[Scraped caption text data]
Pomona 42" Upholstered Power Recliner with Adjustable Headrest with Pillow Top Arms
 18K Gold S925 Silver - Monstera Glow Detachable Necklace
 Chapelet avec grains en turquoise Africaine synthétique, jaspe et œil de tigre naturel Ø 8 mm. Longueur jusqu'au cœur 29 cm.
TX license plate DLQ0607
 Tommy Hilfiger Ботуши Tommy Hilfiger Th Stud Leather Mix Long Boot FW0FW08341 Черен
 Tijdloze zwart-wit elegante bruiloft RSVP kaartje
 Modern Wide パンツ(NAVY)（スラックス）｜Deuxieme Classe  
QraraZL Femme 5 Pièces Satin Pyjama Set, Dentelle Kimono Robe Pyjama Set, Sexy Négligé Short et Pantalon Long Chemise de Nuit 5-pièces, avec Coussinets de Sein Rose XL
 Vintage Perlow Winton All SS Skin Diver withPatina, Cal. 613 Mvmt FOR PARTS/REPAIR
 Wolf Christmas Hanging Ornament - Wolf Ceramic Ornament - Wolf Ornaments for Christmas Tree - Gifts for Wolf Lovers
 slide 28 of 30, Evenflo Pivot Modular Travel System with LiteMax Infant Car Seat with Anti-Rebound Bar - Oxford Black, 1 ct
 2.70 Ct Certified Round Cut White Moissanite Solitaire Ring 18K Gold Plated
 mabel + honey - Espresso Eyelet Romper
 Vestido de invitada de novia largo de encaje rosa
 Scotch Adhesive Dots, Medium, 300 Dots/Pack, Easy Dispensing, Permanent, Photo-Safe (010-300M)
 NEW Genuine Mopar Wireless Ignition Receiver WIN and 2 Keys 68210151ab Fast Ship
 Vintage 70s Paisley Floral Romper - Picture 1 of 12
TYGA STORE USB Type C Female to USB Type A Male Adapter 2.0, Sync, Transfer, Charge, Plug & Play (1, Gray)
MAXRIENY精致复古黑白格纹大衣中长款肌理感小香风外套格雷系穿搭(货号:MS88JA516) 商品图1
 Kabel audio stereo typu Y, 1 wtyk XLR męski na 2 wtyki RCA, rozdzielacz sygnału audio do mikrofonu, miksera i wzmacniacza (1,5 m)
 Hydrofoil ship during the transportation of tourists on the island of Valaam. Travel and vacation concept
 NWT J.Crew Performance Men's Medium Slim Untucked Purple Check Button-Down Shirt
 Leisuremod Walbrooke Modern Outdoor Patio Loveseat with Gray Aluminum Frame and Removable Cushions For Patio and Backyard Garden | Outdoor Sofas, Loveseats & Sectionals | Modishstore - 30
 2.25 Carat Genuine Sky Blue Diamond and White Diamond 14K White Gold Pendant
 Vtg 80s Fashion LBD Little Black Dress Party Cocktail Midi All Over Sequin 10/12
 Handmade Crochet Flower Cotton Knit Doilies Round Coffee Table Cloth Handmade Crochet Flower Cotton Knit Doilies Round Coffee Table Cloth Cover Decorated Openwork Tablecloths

* [What the task asks]: From the line that contains "2.70 Ct Certified" through the final line of the entries above, every line must be reproduced exactly and nothing more.

* [Exercise answer]:
 2.70 Ct Certified Round Cut White Moissanite Solitaire Ring 18K Gold Plated
 mabel + honey - Espresso Eyelet Romper
 Vestido de invitada de novia largo de encaje rosa
 Scotch Adhesive Dots, Medium, 300 Dots/Pack, Easy Dispensing, Permanent, Photo-Safe (010-300M)
 NEW Genuine Mopar Wireless Ignition Receiver WIN and 2 Keys 68210151ab Fast Ship
 Vintage 70s Paisley Floral Romper - Picture 1 of 12
TYGA STORE USB Type C Female to USB Type A Male Adapter 2.0, Sync, Transfer, Charge, Plug & Play (1, Gray)
MAXRIENY精致复古黑白格纹大衣中长款肌理感小香风外套格雷系穿搭(货号:MS88JA516) 商品图1
 Kabel audio stereo typu Y, 1 wtyk XLR męski na 2 wtyki RCA, rozdzielacz sygnału audio do mikrofonu, miksera i wzmacniacza (1,5 m)
 Hydrofoil ship during the transportation of tourists on the island of Valaam. Travel and vacation concept
 NWT J.Crew Performance Men's Medium Slim Untucked Purple Check Button-Down Shirt
 Leisuremod Walbrooke Modern Outdoor Patio Loveseat with Gray Aluminum Frame and Removable Cushions For Patio and Backyard Garden | Outdoor Sofas, Loveseats & Sectionals | Modishstore - 30
 2.25 Carat Genuine Sky Blue Diamond and White Diamond 14K White Gold Pendant
 Vtg 80s Fashion LBD Little Black Dress Party Cocktail Midi All Over Sequin 10/12
 Handmade Crochet Flower Cotton Knit Doilies Round Coffee Table Cloth Handmade Crochet Flower Cotton Knit Doilies Round Coffee Table Cloth Cover Decorated Openwork Tablecloths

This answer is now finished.